The paradox of plastic

Despite all these challenges, plastic continues to dominate the sector because its combination of characteristics makes it difficult to replace. It best meets the functional needs of cosmetic packaging, protecting delicate formulas and ensuring durability. It is lightweight, resistant, versatile, and above all, it used to be cheap. The increase in petrochemical resin costs highlights how its central role is now also a vulnerability, undermining an economic model based on accessibility. The problem is that alternatives such as recycled plastic are often more expensive than virgin plastic. This keeps alive a system that everyone claims to want to overcome, yet few can truly abandon. As urgency grows to reduce environmental impact, economic conditions push in the opposite direction. The issue of plastic packaging sustainability becomes a paradoxical tension between ideals and reality, between storytelling and industrial constraints.

The illusion of aluminum and the myth of “green”

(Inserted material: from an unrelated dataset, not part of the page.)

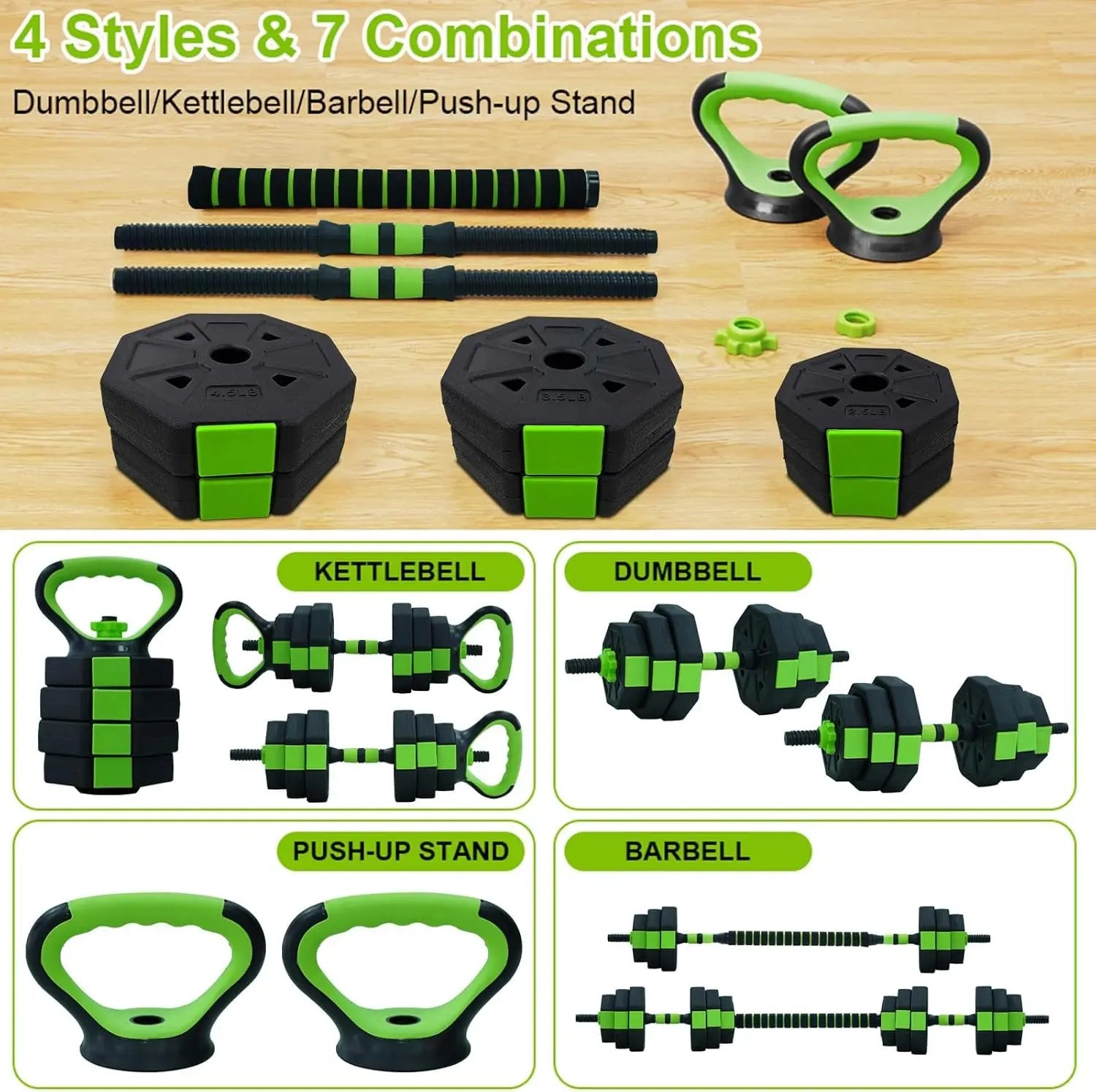 66lbs/88lbs Weight 4 in 1 Adjustable Kettlebell Set Dumbbell Set Used as Kettlebells Barbell Push up Stand for GYM Home - You Offer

In recent years, aluminum has been celebrated as a sustainable packaging alternative. Infinitely recyclable, aesthetically premium, perfect for “clean” brands. However, the war has affected this sector as well. The Middle East is one of the world’s main aluminum producers, and attacks on key facilities have driven prices to their highest levels in four years. The result? Even “green” becomes expensive and unstable. Moreover, many aluminum packages still contain plastic components to ensure stability and preservation. The concept of sustainable beauty packaging therefore proves to be more complex and less linear than often portrayed. Some startups are exploring new solutions, focusing on biomaterials derived from organic waste. Compostable and bio-based solutions promise to reduce dependence on oil and introduce more circular models. However, the issue of scale remains: limited production, insufficient infrastructure, and uncertain consumer behavior. In this context, sustainability is not an intrinsic property of a material but the result of a complex system that includes collection, disposal, and usage habits. Without this integration, even the most promising innovations risk remaining marginal.

Toward a new paradigm

The current crisis brings with it a fundamental awareness: there is no perfect material. Not plastic, not aluminum, not compostables. Every solution has advantages and limitations, and none can solve the system’s complexity on its own. The future of cosmetic packaging will therefore be played on a different level: not the search for the ideal material, but the creation of integrated systems. This includes refillable packaging, mono-material design, efficient recycling infrastructures, and resilient supply chains. True innovation will lie in the ability to connect materials, processes, and behaviors, a systemic rather than purely technological approach that will require investment, collaboration, and time.

The changing consumer

Another effect of the crisis is a shift in consumer behavior. While sustainability was a key driver in recent years, there is now a return to more pragmatic criteria. Price, effectiveness, and accessibility are once again at the forefront, while ethical choices become secondary. This shift is not necessarily a step backward, but a response to a more difficult economic context. Brands are aware of this. They know that being “plastic-free” is no longer enough to convince consumers. The product must work, and it must be accessible. This dynamic redefines the role of beauty packaging. Aesthetics and ethics must now coexist with economic reality. In short, war has done what crises often do: it has accelerated ongoing processes and exposed structural weaknesses. It has made visible the interdependencies, fragilities, and contradictions of a sector once considered stable. Today, packaging is no longer just a container, but a field of tension between economics, sustainability, and geopolitics. And perhaps, for the first time, the beauty industry is forced to confront an uncomfortable question: how sustainable is beauty, when the world around it is not?